Frauen, die ein SGA-Kind gebaren, hatten im Kollektiv überdurchschnittlich hohe Spiegel an C-reaktivem Protein. Desgleichen bestand eine Korrelation zwischen dem Vorliegen einer mäßig- bis schwergradigen Parodontalerkrankung und hohen Spiegeln an C-reaktivem Protein.

FAZIT: Bei Schwangeren mit mäßiger bis schwergradiger Parodontalerkrankung besteht ein signifikant erhöhtes Risiko, ein SGA-Kind zu gebären.

Boggess KA, Beck JD, Murtha AP, et al. 2006. Maternal periodontal disease in eraly pregnancy and risk for a small-for-gestational-age infant. Am J Obstet Gynecol 194:1316-1322.

Hintergrund
Review: Wirken sich Parodontalerkrankungen Schwangerer negativ auf die Entwicklung des Kindes aus?


In den letzten Jahren hat sich die Forschung intensiv mit Zusammenhängen zwischen Parodontalerkrankungen und erhöhten Risiken für Atherosklerose, Herzinfarkt, Apoplex, Diabetes mellitus und das Ergebnis von Schwangerschaften befasst. Inwieweit sich letzteres anhand von Studienergebnissen verifizieren lässt, behandelt ein Review, in dem 25 Studien mit unterschiedlichen Designs und Endpunkten berücksichtigt wurden.

Von den 25 analysierten Studien kamen 18 Untersuchungen zu dem Schluss, dass ein Zusammenhang zwischen Parodontalerkrankungen und einem erhöhten Risiko für ein nicht optimales Schwangerschaftsergebnis besteht. Als Kriterien zur Beurteilung des Schwangerschaftsergebnisses galten in den einzelnen Arbeiten geringes Geburtsgewicht, Frühgeburtlichkeit, Fehlgeburten, Schwangerschaftsverlust und Präeklampsie.

Das Risiko, ein Kind mit geringem Geburtsgewicht bereits vor dem errechneten Termin zur Welt zu bringen, ist bei Frauen mit Parodontalerkrankung erhöht. Das ist das Ergebnis von zwei Fallkontroll- und einer Kohortenstudie (ORs: 3,5 bis 7,5). Zwei andere Studien fanden das nicht, und eine davon – in Großbritannien durchgeführt – ermittelte sogar genau das Gegenteil (OR: 0,78).

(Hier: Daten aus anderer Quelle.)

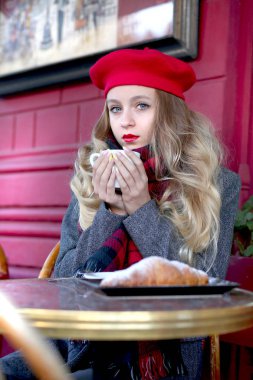 kırmızı bere genç ve ihale kız bir masada oturur ve bir sokak kafede kahve içiyor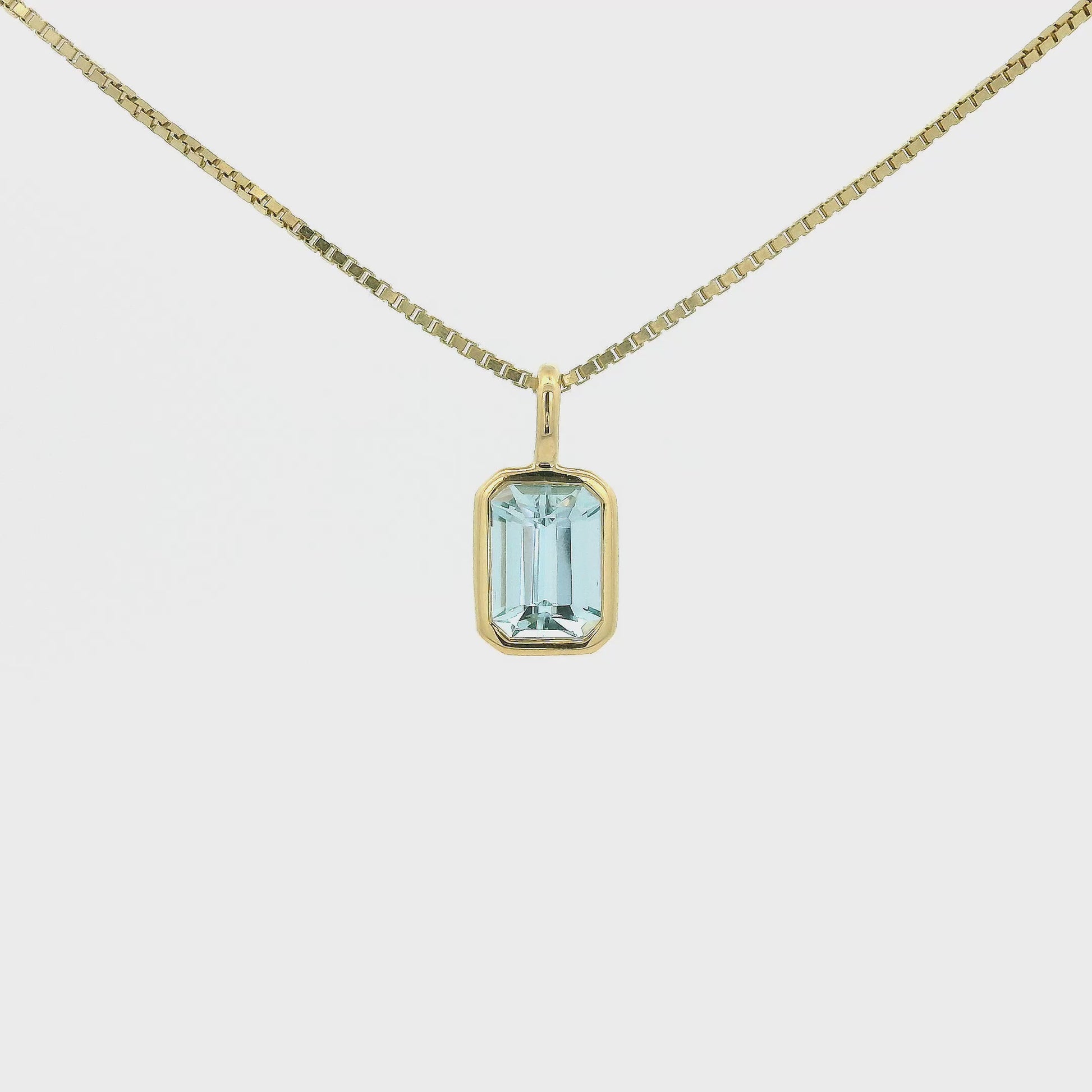 A Yellow Gold Pendant with a bezel set emerald cut natural Aquamarine in the center at Forever Rox Fine Jewelry, Lake Tahoes Best Jewelry Store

Eine Erhöhung des Risikos für Frühgeburten bei Frauen mit Parodontalerkrankungen wurde in sieben Studien berichtet. Vier Studien fanden das nicht.

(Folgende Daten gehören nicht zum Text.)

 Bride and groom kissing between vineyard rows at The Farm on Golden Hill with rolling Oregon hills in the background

Geringes Geburtsgewicht steht nach den Ergebnissen von vier Fallkontroll- und zwei Kohortenstudien im Zusammenhang mit Parodontalerkrankungen. Die berichteten Odds Ratios (ORs) reichen von 1,1 bis 7,2. Allerdings werden diese Ergebnisse in einer großen britischen Studie mit 3 738 Schwangerschaften nicht bestätigt.

In letzterer britischer Studie wurde aber eine Verbindung von Parodontalerkrankungen und Fehlgeburten zwischen der 12. und 24. Schwangerschaftswoche registriert (OR: 2,53).

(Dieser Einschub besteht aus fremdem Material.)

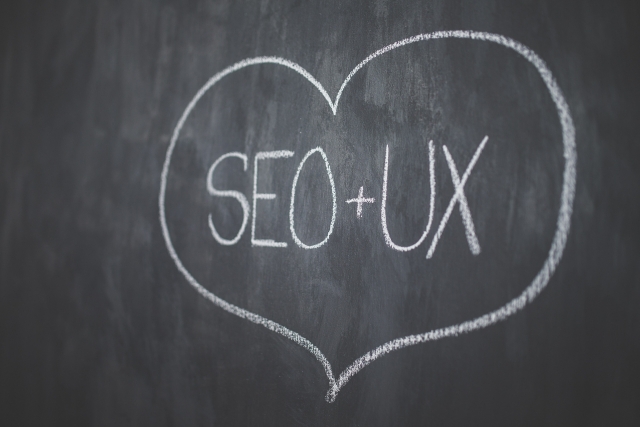 Chalkboard heart with words SEO UX 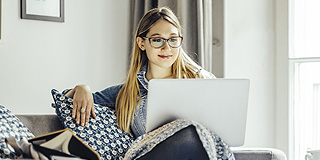 Woman looking at her laptop at home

In jeweils einer Fallkontroll- und Kohortenstudie wurde ein Zusammenhang zwischen Präeklampsie und einer zum Geburtstermin diagnostizierten Parodontalerkrankung registriert (ORs: 2,4 bzw. 3,47).

Review: Xiong X, Buekens P, Fraser WD, et al. 2006. Periodontal disease and adverse pregnancy out­comes: a systematic review. BJOG 113:135-143.
Letter: Nugent JL, Baker PN. 2006. Periodontal disease and adverse pregnancy outcomes: a syste­matic review. BJOG 113:848-849.